#### Instructions to follow
Print, in exact form, the lines below from the one containing "Thumbnail: 2025 Toyota Sequoia - 15" through the one containing "Man's Retro Jersey", and omit all others.

#### Raw data
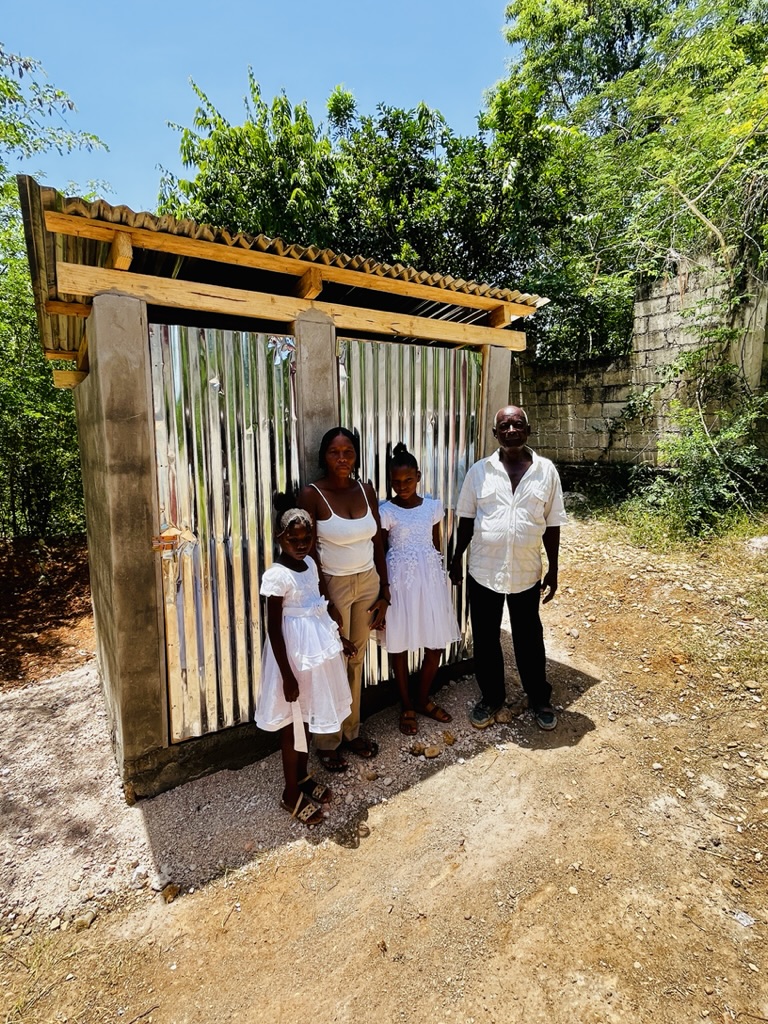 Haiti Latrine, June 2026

* * *

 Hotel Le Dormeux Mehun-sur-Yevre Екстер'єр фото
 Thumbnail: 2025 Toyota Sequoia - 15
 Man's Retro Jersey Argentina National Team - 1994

#### Solution below
 Thumbnail: 2025 Toyota Sequoia - 15
 Man's Retro Jersey Argentina National Team - 1994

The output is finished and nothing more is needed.